Originally suggested by Carsten dot Kunze at arcor dot de,
current maintainer of the Heirloom Documentation Tools.
While here, add various missing information to the usage()
and to the manuals.
Ingo Schwarze [Thu, 28 Aug 2014 10:38:06 +0000 (10:38 +0000)]
On Linux, wcwidth() needs _XOPEN_SOURCE, or just _GNU_SOURCE for simplicity.
Besides, signedness of wchar_t and wint_t may differ, it i only
guaranteed that each wchar_t can be represented as a wint_t.
A problem report by Daniel Levai reminded me to fix this.
Ingo Schwarze [Sun, 24 Aug 2014 23:43:13 +0000 (23:43 +0000)]
When support for bold italic font was added to the parsers and to the
generic parts of the formatters some time ago, the PostScript- and
PDF-specific part of the formatters was neglected.
Now pascal@ reports that mandoc -Tps throws an assertion on perl(1),
apparently because that manual actually uses bold italic font.
So here is an overdue implementation of bold italic font support for
PostScript and PDF output.
Ingo Schwarze [Sat, 23 Aug 2014 00:34:59 +0000 (00:34 +0000)]
Let man(1) display preformatted manuals by simply reading them
from the file and copying them to the standard output.
This works even for mixed formats: "man -a groff mandoc" displays
groff(1) [formatted], mandoc(1) [unformatted], groff(7) [formatted],
and mandoc(7) [unformatted] in that order.
Ingo Schwarze [Fri, 22 Aug 2014 03:42:18 +0000 (03:42 +0000)]
mandoc -a, man, apropos -a, whatis -a now paginate by default
but provide an option -c to not paginate;
taking inspiration from manpage.c, hence adding (c) 2012 kristaps@
Ingo Schwarze [Thu, 21 Aug 2014 20:29:07 +0000 (20:29 +0000)]
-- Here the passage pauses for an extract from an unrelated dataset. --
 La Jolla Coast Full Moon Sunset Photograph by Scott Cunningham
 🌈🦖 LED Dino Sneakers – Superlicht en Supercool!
Bugfix: make whatis(1) case-insensitive again.
The traditional whatis(1) was case-insensitve and it's still documented
that way, but that apparently got broken with or after the switch.
Ingo Schwarze [Thu, 21 Aug 2014 12:57:17 +0000 (12:57 +0000)]
Right after .Fl, a middle delimiter triggers an empty scope,
just like a closing delimiter. This didn't work in groff-1.15,
but it now works in groff-1.22.
After being closed by delimiters, .Nm scopes do not reopen.
Do not suppress white space after .Fl if the next node is a text node
on the same input line; that can happen for middle delimiters.